A study of pseudo 1-D copper(I) halide systems exhibiting anomalous copper(II) character: Physical characterization of (paraquat)Cu₂X₄ (X = Cl, Br, I)

The salts (paraquat)Cu₂X₄ (X = Cl, Br, I) have been synthesized and their crystal structures determined. The chloride salt is tetragonal, space group P4₂/n, a = 16.352(2), c = 5.911(2) Å, V = 1580.7(6) ų, D_x = 1.87 g cm^-3, Z = 4 and R = 0.0546. The bromide analog is monoclinic, space group P2₁/n, a = 8.715(6), b = 11.103(6), c = 13.386(7) Å, β = 98.02(4)°, V = 1666(1) ų, D_x = 2.52 g cm^-3, Z = 4 and R = 0.0680. The iodide salt is tetragonal, space group P4₂2₁2, a = 12.416(2), c = 6.544(3) Å, V = 1008.8(5) ų, D_x = 2.70 g cm^-3, Z = 2 and R = 0.0995. Infinite chains of distorted, edge sharing, Cu(I)X₄ ^3- tetrahedra are common to all three structures.

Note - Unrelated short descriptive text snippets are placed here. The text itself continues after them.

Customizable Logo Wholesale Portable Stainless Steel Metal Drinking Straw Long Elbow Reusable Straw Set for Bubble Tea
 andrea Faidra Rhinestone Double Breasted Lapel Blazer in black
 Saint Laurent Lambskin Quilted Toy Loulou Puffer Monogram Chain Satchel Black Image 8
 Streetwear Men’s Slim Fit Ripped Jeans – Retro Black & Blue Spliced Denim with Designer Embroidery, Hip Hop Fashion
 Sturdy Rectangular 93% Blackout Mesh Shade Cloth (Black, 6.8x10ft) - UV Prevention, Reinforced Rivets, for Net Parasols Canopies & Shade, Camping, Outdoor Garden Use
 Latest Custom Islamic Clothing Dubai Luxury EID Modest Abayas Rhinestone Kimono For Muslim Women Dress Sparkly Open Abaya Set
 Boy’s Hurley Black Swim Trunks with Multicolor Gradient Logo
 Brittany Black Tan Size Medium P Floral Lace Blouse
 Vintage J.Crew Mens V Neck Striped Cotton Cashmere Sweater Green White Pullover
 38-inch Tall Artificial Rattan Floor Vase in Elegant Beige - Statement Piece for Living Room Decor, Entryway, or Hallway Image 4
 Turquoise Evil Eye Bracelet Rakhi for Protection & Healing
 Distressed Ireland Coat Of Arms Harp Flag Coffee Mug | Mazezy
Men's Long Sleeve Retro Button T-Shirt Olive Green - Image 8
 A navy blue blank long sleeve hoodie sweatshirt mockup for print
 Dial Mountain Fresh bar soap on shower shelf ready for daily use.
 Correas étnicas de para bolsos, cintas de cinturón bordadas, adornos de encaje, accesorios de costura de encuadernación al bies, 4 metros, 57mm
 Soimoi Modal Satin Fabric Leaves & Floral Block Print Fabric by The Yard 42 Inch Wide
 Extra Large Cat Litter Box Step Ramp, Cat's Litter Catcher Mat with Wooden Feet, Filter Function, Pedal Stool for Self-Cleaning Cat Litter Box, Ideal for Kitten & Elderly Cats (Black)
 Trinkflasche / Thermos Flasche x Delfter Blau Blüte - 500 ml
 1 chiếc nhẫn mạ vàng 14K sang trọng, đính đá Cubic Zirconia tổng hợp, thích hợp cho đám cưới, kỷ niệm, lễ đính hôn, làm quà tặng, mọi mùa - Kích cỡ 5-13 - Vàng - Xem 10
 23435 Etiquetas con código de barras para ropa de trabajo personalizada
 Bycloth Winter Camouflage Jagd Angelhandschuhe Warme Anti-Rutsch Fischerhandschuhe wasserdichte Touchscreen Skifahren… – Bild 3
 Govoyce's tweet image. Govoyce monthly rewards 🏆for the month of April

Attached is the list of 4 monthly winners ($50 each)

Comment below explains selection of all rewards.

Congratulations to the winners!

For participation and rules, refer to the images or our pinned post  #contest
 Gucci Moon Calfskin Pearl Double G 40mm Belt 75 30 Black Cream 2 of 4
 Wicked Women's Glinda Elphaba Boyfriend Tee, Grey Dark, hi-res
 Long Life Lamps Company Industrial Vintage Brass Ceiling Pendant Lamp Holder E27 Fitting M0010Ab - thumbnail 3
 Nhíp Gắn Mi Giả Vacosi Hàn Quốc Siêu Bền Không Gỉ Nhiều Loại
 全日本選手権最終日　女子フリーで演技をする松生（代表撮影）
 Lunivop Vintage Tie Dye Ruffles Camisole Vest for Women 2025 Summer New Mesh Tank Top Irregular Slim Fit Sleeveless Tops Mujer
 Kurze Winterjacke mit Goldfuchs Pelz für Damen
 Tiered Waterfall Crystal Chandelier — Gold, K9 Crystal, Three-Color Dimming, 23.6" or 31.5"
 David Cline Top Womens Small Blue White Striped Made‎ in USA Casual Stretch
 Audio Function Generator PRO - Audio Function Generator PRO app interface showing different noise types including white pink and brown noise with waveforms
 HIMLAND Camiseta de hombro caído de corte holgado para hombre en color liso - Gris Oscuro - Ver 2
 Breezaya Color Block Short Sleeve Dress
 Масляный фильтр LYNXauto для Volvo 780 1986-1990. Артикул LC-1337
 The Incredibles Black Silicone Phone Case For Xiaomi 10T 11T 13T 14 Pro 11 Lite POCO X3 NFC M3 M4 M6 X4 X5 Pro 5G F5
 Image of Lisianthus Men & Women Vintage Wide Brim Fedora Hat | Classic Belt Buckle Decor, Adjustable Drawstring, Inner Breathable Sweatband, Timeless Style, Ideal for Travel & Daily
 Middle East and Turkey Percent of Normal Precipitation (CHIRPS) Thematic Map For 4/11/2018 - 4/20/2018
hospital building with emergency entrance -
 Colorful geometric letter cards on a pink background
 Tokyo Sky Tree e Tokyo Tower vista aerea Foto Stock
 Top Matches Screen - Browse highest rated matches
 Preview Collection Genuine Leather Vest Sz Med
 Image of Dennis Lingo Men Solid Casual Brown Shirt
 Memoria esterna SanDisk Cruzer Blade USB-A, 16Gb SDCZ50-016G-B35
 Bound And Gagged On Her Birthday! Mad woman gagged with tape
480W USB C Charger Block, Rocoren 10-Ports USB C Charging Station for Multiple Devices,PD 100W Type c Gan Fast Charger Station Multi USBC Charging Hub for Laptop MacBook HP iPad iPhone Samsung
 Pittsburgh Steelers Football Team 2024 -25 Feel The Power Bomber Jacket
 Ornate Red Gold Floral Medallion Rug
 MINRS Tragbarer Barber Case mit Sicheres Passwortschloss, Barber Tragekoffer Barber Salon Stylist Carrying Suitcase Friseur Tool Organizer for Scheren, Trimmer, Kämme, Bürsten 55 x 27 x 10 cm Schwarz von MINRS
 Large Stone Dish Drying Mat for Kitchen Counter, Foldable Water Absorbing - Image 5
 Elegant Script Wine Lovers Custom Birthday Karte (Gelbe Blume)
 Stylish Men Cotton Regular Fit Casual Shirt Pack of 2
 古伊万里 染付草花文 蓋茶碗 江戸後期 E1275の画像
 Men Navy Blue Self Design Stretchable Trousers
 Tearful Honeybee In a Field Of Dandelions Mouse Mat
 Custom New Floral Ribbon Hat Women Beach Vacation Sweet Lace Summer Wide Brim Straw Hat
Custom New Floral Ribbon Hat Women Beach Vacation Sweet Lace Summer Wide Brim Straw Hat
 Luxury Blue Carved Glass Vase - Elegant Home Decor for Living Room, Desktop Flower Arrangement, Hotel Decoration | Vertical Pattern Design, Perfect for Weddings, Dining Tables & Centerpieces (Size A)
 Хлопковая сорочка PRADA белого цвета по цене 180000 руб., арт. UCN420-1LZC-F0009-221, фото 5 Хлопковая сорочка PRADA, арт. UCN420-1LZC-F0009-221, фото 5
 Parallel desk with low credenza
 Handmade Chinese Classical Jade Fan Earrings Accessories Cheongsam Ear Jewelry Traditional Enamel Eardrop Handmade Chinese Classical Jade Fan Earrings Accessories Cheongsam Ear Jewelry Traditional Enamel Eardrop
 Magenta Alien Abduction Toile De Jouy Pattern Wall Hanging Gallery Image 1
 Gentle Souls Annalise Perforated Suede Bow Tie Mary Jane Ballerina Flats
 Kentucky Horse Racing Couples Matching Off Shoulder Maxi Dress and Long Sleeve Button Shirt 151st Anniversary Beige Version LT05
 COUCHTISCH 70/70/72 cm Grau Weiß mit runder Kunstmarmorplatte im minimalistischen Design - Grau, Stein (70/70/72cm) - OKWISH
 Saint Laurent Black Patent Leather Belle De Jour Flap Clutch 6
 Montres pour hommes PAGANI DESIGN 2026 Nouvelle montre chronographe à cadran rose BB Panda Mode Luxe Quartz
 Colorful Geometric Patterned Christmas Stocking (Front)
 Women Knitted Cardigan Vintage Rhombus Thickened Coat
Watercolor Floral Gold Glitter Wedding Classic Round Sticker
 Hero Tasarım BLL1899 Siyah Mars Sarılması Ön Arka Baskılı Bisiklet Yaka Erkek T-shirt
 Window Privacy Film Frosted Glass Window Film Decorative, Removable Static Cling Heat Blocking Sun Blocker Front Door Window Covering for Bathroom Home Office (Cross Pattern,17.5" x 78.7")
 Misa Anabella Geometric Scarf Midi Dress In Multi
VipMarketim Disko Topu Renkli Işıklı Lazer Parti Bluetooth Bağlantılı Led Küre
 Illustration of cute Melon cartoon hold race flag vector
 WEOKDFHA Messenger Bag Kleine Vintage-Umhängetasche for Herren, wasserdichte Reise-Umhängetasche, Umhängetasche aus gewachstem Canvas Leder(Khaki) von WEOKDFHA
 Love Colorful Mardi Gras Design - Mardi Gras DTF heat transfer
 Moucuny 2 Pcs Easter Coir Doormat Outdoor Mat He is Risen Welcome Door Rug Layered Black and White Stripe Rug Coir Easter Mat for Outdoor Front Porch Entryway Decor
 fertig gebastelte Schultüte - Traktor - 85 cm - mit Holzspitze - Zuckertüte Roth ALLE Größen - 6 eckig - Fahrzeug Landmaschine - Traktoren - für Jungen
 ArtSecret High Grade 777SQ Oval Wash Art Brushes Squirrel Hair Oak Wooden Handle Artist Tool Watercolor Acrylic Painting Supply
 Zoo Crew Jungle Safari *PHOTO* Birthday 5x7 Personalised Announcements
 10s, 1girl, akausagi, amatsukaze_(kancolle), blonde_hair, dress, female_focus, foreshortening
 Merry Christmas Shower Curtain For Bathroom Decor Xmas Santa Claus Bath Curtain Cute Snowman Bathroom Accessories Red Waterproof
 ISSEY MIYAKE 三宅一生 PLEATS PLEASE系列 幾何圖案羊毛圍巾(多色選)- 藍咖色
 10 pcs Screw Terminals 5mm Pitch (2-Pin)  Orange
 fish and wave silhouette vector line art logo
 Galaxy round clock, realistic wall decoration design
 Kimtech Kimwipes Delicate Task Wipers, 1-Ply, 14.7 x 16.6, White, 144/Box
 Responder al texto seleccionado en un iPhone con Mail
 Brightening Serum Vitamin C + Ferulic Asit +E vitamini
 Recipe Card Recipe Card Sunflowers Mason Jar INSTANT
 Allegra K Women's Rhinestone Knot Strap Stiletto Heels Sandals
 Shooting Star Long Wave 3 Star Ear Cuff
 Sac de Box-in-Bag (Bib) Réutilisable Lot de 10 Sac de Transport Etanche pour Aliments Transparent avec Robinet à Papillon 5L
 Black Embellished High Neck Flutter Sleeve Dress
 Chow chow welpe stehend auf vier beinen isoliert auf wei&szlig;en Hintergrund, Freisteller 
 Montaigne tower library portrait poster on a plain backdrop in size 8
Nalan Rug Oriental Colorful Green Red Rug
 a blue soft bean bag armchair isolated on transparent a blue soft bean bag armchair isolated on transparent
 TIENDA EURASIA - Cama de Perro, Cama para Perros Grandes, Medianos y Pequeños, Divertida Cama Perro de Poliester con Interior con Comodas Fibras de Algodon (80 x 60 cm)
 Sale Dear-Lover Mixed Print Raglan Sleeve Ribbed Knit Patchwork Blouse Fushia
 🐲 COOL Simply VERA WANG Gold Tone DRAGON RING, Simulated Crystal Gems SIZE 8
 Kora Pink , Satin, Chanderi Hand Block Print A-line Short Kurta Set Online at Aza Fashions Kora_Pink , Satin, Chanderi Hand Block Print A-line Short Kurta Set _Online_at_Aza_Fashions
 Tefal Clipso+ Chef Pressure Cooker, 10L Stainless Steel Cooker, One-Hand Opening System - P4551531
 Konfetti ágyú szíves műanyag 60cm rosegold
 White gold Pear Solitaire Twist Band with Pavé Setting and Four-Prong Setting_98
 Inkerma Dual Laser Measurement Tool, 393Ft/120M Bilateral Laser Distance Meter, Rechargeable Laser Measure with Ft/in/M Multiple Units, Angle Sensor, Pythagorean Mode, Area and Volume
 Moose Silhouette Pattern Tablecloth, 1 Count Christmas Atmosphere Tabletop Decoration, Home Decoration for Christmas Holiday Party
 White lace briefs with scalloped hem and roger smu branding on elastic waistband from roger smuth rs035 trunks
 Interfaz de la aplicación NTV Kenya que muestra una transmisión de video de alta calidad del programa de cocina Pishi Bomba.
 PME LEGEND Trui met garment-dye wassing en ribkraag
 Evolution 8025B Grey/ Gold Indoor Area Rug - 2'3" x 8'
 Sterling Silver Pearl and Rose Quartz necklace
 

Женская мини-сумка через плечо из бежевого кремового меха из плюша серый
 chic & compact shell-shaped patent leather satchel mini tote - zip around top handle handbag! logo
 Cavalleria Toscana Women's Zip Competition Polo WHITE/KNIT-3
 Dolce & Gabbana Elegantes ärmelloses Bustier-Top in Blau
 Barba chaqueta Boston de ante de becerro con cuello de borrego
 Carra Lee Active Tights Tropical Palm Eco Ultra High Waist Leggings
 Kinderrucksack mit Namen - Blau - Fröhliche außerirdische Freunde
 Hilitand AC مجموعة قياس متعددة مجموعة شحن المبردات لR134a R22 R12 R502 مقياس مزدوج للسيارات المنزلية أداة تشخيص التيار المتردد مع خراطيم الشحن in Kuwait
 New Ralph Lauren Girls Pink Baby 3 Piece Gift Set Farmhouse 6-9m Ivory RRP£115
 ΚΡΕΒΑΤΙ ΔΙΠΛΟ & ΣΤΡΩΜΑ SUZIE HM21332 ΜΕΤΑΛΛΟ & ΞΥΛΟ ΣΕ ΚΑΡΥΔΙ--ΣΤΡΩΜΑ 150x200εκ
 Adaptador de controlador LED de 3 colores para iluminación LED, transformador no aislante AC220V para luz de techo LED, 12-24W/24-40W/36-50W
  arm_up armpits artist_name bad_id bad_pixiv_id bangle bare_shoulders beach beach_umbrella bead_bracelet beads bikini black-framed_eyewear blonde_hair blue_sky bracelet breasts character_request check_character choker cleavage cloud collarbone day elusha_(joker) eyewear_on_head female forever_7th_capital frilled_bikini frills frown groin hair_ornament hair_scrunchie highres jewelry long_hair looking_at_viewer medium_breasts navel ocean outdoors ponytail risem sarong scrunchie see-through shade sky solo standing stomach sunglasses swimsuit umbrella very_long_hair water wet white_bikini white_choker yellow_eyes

The bond distances and angles about the copper centers are consistent with known Cu(I)X₄ ^3- species. The paraquat cations form stacks parallel to the chain axis, and all three structures show weak N⋯X and C⋯X contacts. The chloride and iodide salts are nearly isostructural, and differential scanning calorimetry shows a phase transition in the chloride salt at 188 °C. The iodide salt is a pure copper(I) system. A temperature dependent magnetic susceptibility experiment shows the bromide salt to contain a 2% Cu₂Br₆ ^2- impurity. Two chloride compounds showing the same structure have been synthesized. One of these salts has 1% copper(II) character, while the other has 10% copper(II) character. EPR shows the 1% character to be a CuCl₂ · 2H₂O impurity. Magnetic susceptibility, EPR, powder diffraction and electrical conductivity results show that the 10% copper(II) character is incorporated into the [CuCl₂]_∞ chain structure, with an accompanying vacancy. Preliminary conductivity measurements show that the Cl and I salts are insulators, but hint at enhanced conductivity for the bromide analog.